18/03/2010
Big Star’s September Gurls as covered by the Bangles.
I’m quite certain the first time I heard a Big Star song, it was from the lips of Susanna Hoffs. I’d heard Alex Chilton before, “The Letter,” a classic rock radio standard from his first band the Boxtops was pretty likely to get turned up by my Mom in her Chevy station wagon.
Like many other fans of music, I later “discovered” Big Star and found that many of my favorite artists, Elliot Smith, Wilco and REM to name a few were fans as well. Chilton and Bell’s material was extremely strong and not unlike the work of Dylan or Cohen, really shinned in the hands of other experts. It’s been said that once a song becomes a hit, it can become a hit again — I think something similar can be said of any great song — they bare repeating. I can easily listen to an album’s worth of “Thirteen” covers back to back — the same goes for most of the songs on the first two albums.
Still, I am reminded now that Alex Chilton is gone, that Big Star has been gone for close to 40 years. I know that Chilton was able to capitalize at least in a small way on the great accomplishment of his Big Star work by touring with the Poises under the original name, but in all honesty, I eventually had to admit to myself that I didn’t want “In Space” coming up on my iPod — it wasn’t bad, but I never really could connect with it like I could with “#1 Record.”

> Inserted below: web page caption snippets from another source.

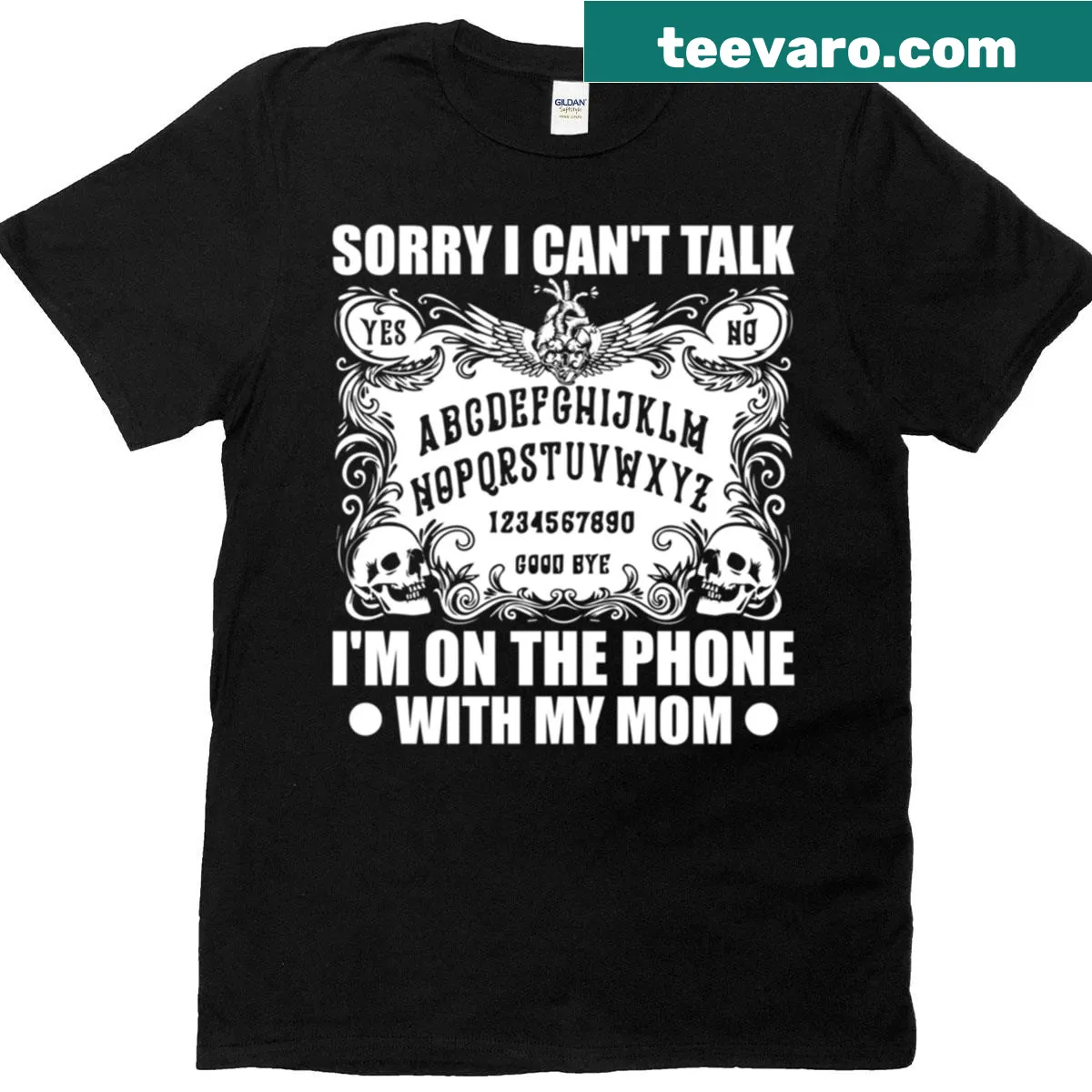 Funny tee with 'Sorry I Can't Talk I'm On The Phone With My Mom' — on a men's t-shirt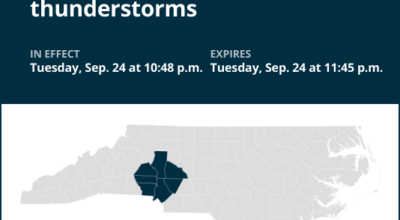 Thunderstorms with penny-sized hail in central North Carolina Tuesday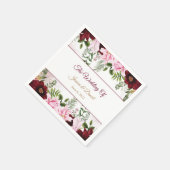 Serviette En Papier Mariage floral (Coin)
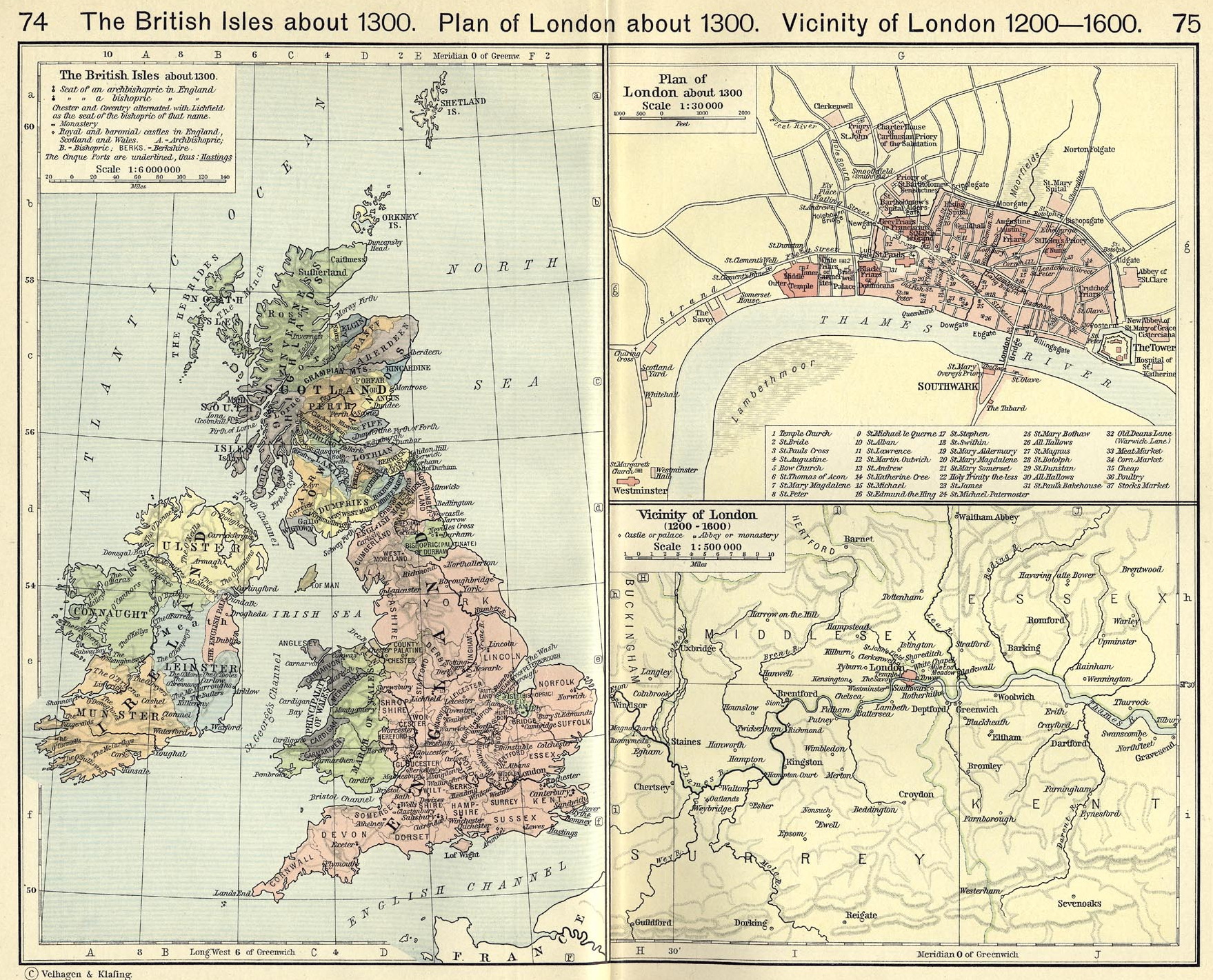 Карта Британских островов 1300 года. Политическая карта Британских островов 1300 года, A0 - 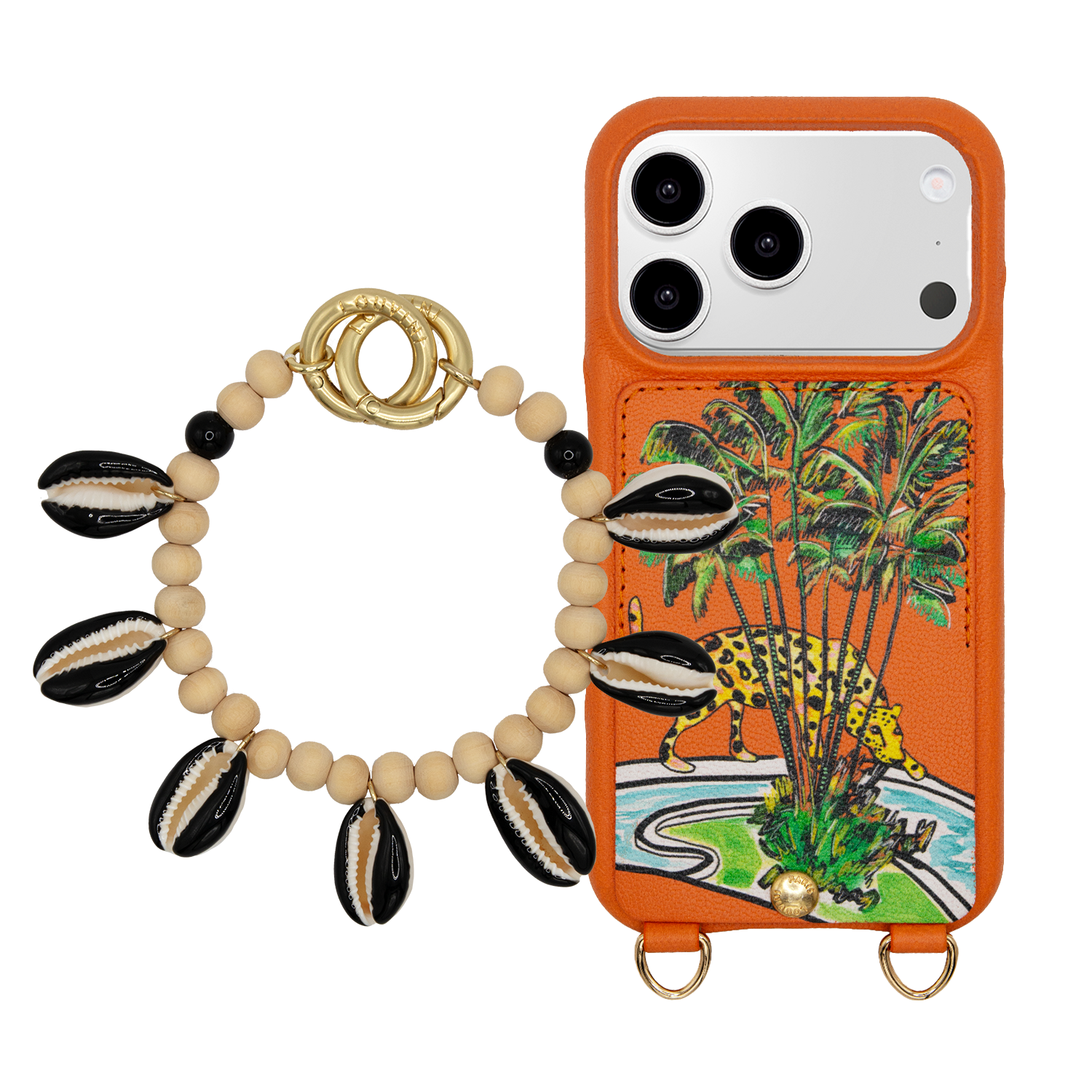 Coque iPhone LOU x FILIPE JARDIM Orange & Bracelet PETIT MOANA Noir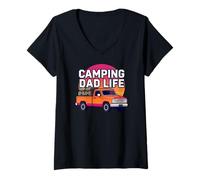 Donna Camping Dad Life Retro Vintage Truck Outdoors Graphic Maglietta con Collo a V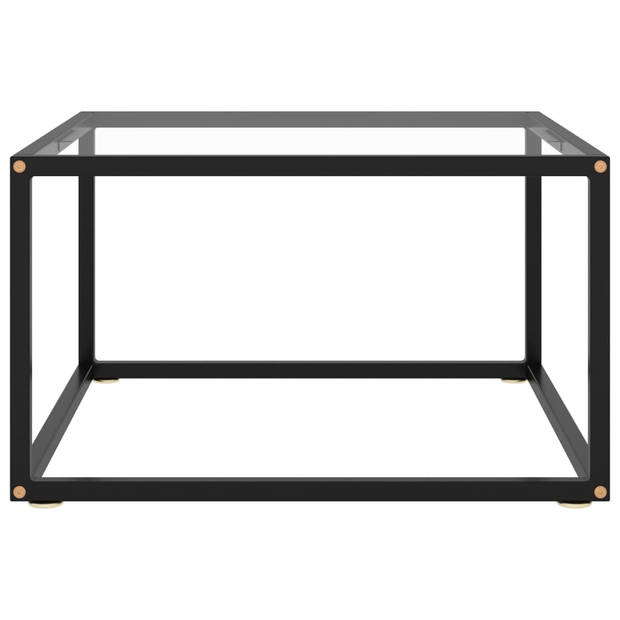 vidaXL Salontafel met gehard glas 60x60x35 cm zwart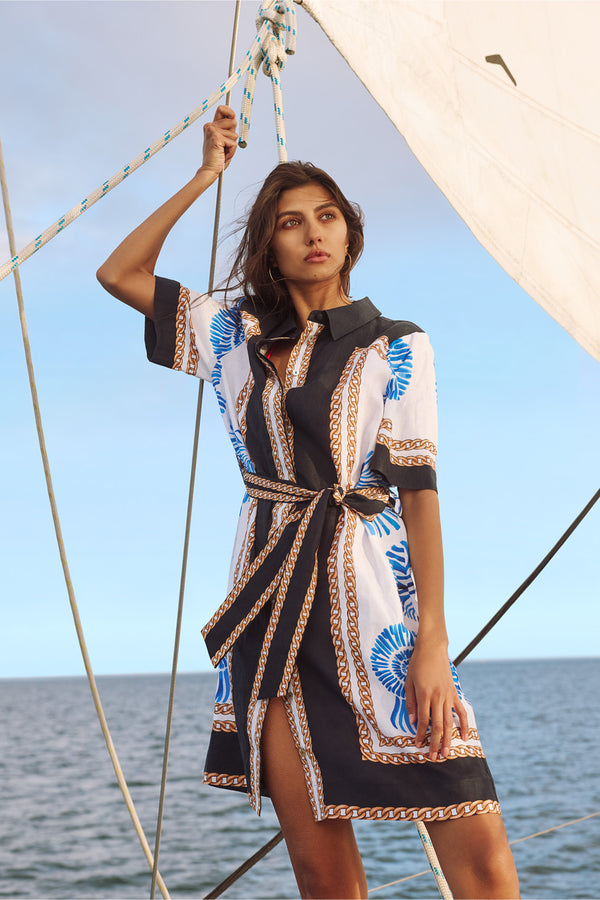 Caletta Linen Dress - Blue Shell Print
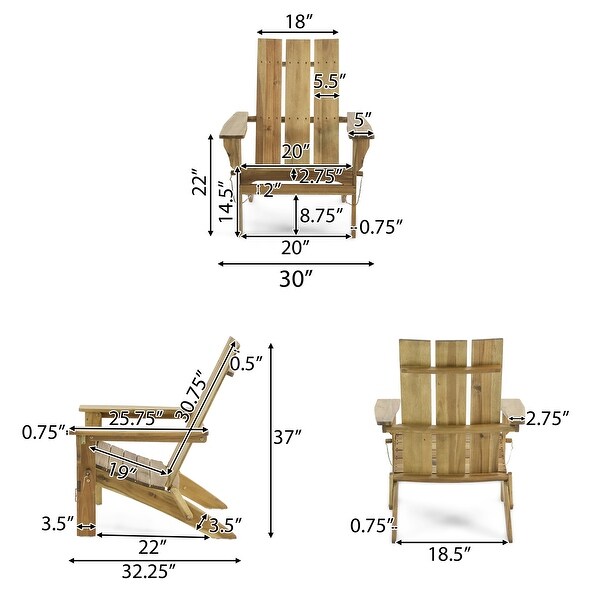 Zuma Outdoor Contemporary Acacia Wood Foldable Adirondack Chair by Christopher Knight Home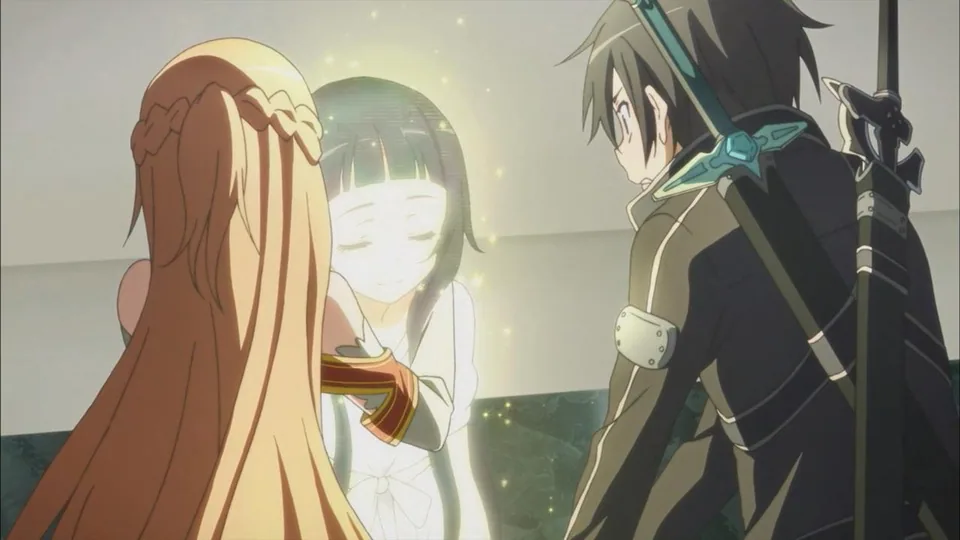 Still from Sword Art Online illustrating Cardinal Deletes Yui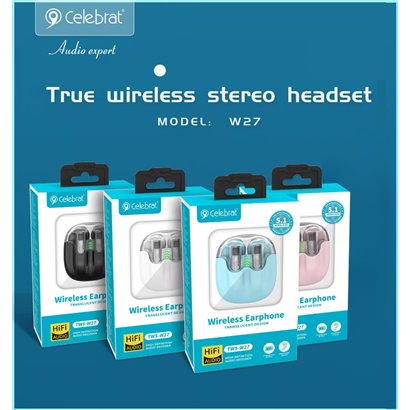 CELEBRAT earphones με θήκη φόρτισης TWS-W27, True Wireless, ροζ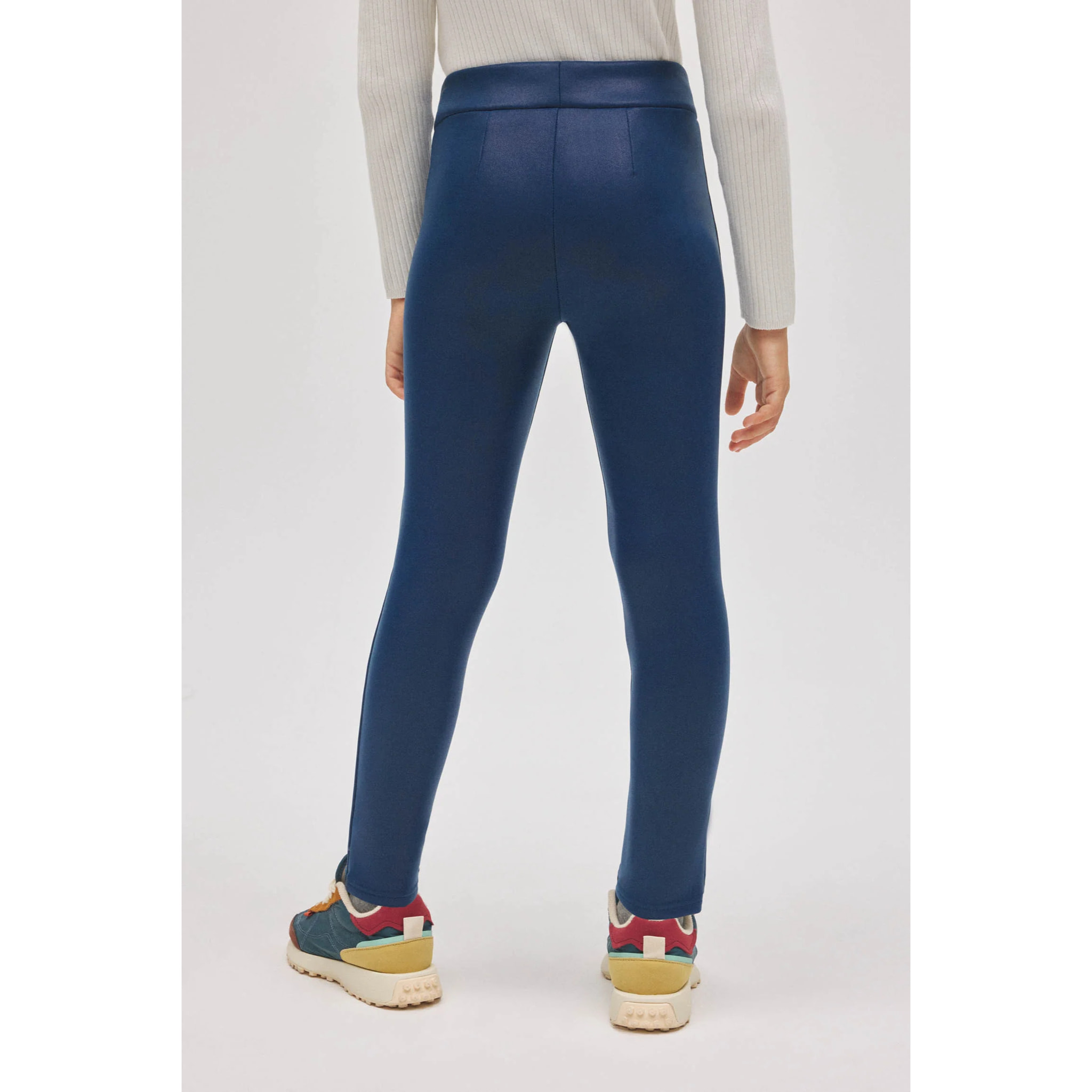 Leggings termici effetto pelle blu navy per bambine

It also occurs to me that while the business of music today has many problems — getting great music to an audience isn’t one of them. Big Star is the textbook example of a band people wanted to hear, but couldn’t because they were unable to overcome the limitations of their obligations to a failing and incompetent corporation. It’s part of their myth and status as outsider heroes, but in the final analysis — I for one would like to remove the under from the appreciated line on the epitaph.
Alex Chilton, a great talent, recognized and appreciated in his time.